In September 2011, Fudge was one of six Hall of Fame honorees named in advance of the National Association of Corporate Directors November gala in New York City.

===Political involvement and public service===
In 2008, Fudge was a member of the Obama presidential campaign’s finance committee.

In early 2010, Fudge was named by President Obama to the 18-member National Commission on Fiscal Responsibility and Reform, a bipartisan panel chaired by former Senator Alan K. Simpson, (R-WY), and former White House Chief of Staff Erskine Bowles (D). The balance of the panel was three more members appointed by the President, six members of the U.S. House of Representatives, and six members of the U.S. Senate. The commission first met on April 27, 2010 and had a December report deadline. Though specific actions based on the report were limited, commission members who were also members of Congress reappeared in the so-called Gang of Six in spring and summer, 2011, in the debt-ceiling-increase debate.
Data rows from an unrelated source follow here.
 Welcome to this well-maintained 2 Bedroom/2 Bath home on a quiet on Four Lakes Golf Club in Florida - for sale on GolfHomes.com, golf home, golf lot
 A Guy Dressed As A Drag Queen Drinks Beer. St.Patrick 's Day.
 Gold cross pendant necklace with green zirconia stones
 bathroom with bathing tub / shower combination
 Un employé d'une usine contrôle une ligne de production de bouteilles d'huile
In September 2010, Fudge was listed as one of several possible candidates to replace Larry Summers as director of the National Economic Council. Some reports signalled that the White House could be looking for a female executive with business experience to fill the post.
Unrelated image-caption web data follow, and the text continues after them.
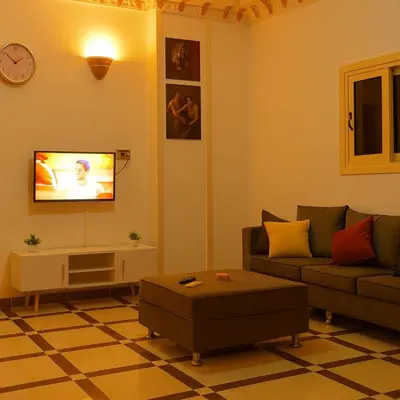 a living room with a couch and a tv at Casa De Amor in Abu Dabab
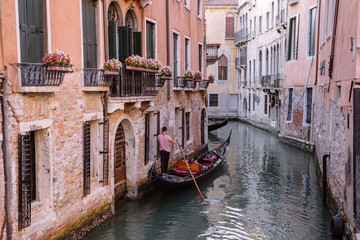 Panoramic view of Venice canal with historical buildings and gondolas
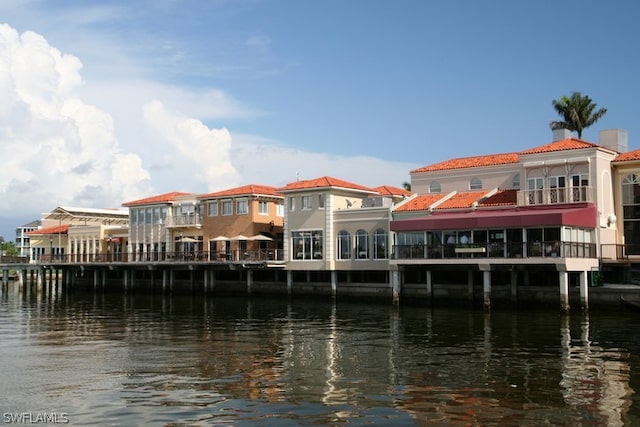 exterior space with a water view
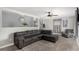 Spacious living room features a comfortable black sofa and modern decor, perfect for relaxation at 117 6Th St, Frederick, CO 80530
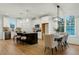 Open-concept kitchen with modern appliances, island seating, and adjacent dining area at 1467 Antioch Church Rd, Timberlake, NC 27583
In September 2011, Fudge joined in the Committee for a Responsible Federal Budget (CRFB) "Go Big" forum. CRFB, along with the New America Foundation, the Concord Coalition, and the Bipartisan Policy Center "discuss[ed] the path ahead for the Joint Select Committee on Deficit Reduction (Super Committee) and the reasons it should exceed its mandate".
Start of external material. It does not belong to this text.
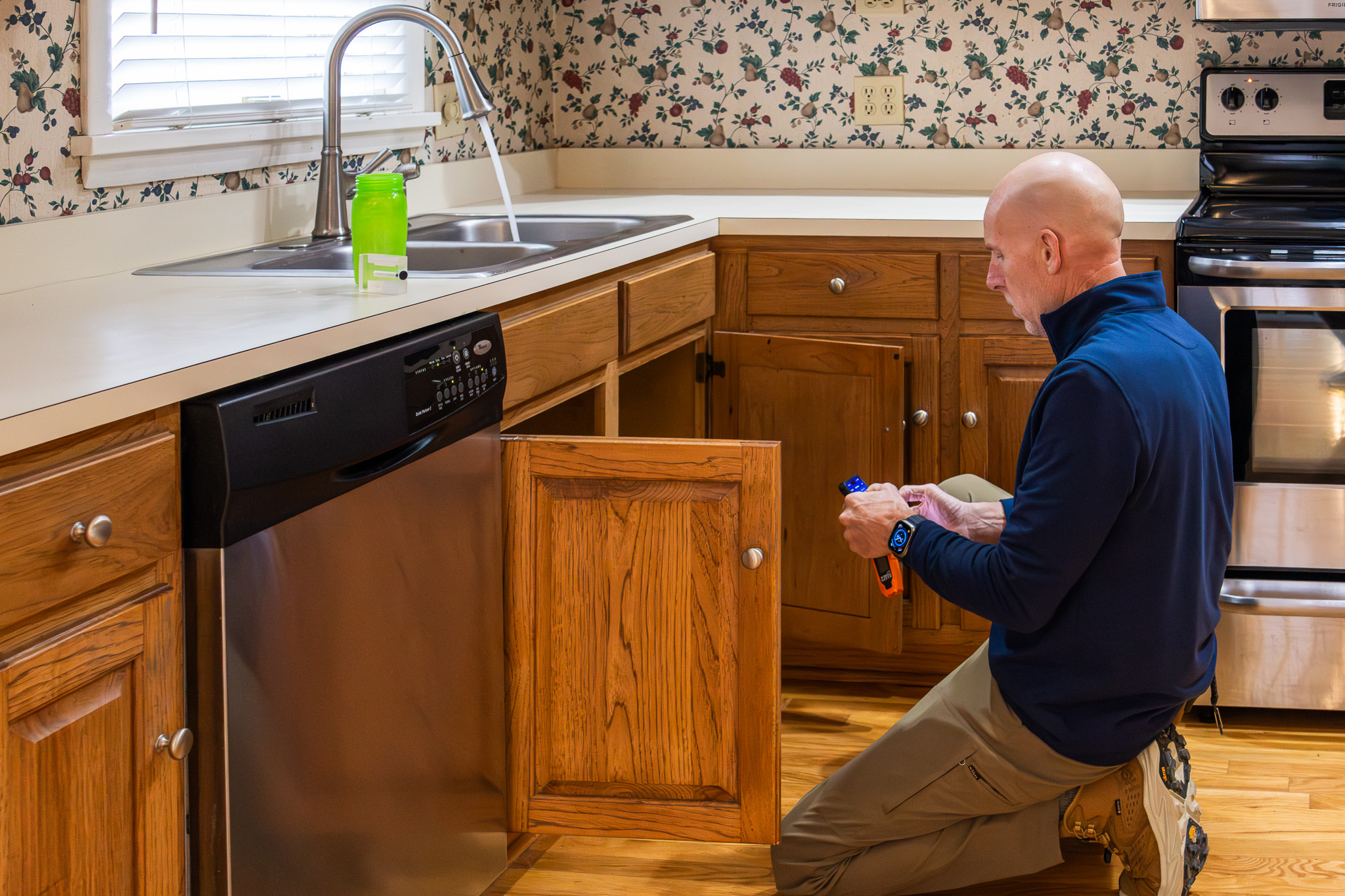 Mike Meurer standing in front of kitchen cabinets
Fudge also is on the State Department's Foreign Affairs Policy Board.

==Personal life==
As a sophomore at Simmons, Ann married Rich Fudge. Before she graduated, they had a baby, Rich, Jr. She had to balance personal and academic/professional demands from that early stage on. "Her fondest memory from General Mills ... involved her younger son, Kevin, then 9. Ms. Fudge had just been made a marketing director, the first black at that level. 'I came home all excited, and was telling my family, and he said: "What's the big deal, mom? So now instead of one brand, you have four. You can do that." He was right. My sons have helped keep things in perspective.'"

Fudge is also noted for having pursued her career despite the glass ceiling which has been seen to thwart promotion to the top ranks, facing women and minorities in the corporate workforce particularly. And, in regards Fudge's relatively early moves out of jobs, the 2004 Business Week article also included a sidebar on four "other women [who] left high-powered positions in the corporate world to find a place where they could work on their own terms."

Fudge is currently based in Chestnut Hill, Massachusetts. She and her husband have five grandchildren. She is Catholic.

==Awards and honors==
- Candace Award, National Coalition of 100 Black Women, 1991.
- American Academy of Arts and Sciences Fellow, 2019.